▸ **Brief**:
Copy down the listing below exactly. Do not include pictures.

▸ **Dataset section**:
>>

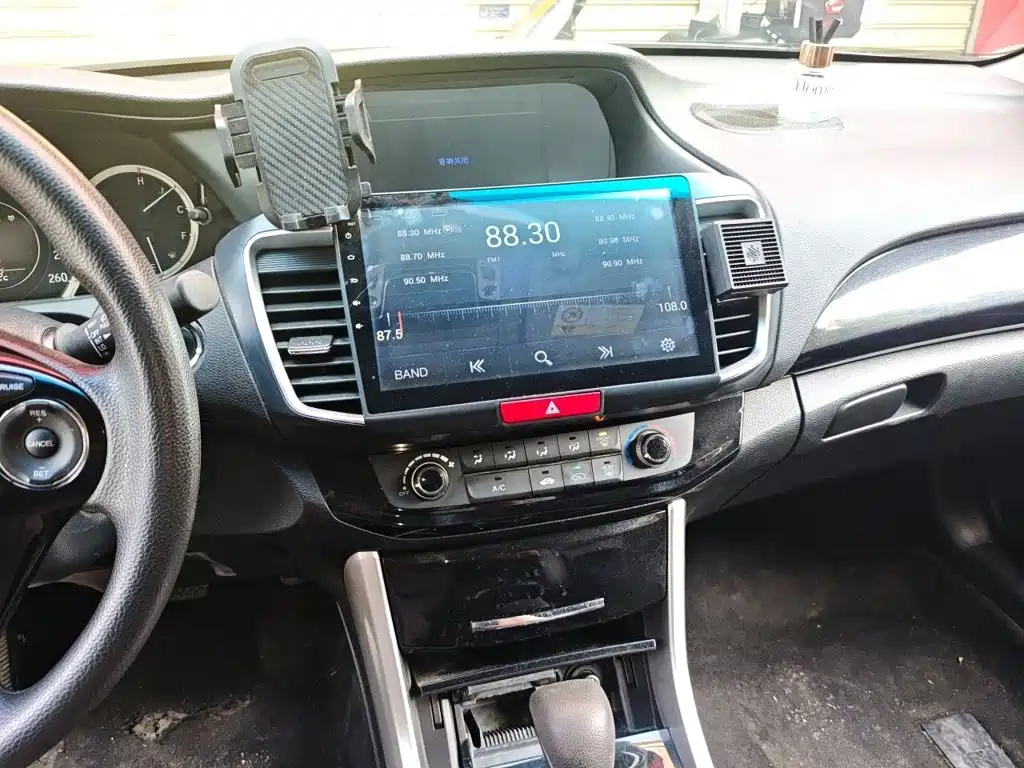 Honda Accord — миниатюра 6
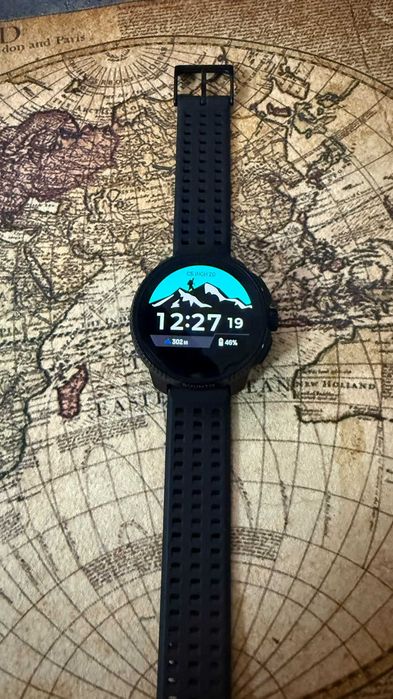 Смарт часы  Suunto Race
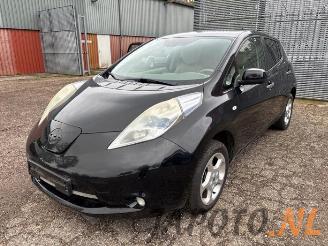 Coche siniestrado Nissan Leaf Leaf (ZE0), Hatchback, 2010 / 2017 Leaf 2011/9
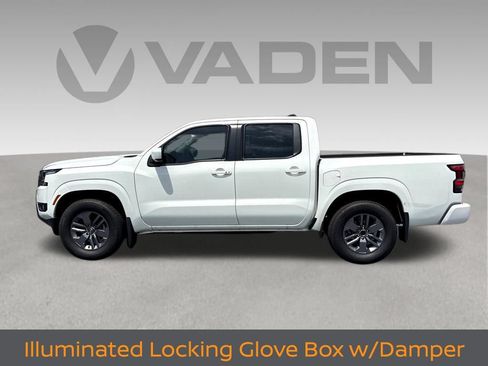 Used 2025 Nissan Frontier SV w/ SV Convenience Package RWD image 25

<<

▸ **Response to the task**:
 Honda Accord — миниатюра 6
 Смарт часы  Suunto Race
 Coche siniestrado Nissan Leaf Leaf (ZE0), Hatchback, 2010 / 2017 Leaf 2011/9
 Used 2025 Nissan Frontier SV w/ SV Convenience Package RWD image 25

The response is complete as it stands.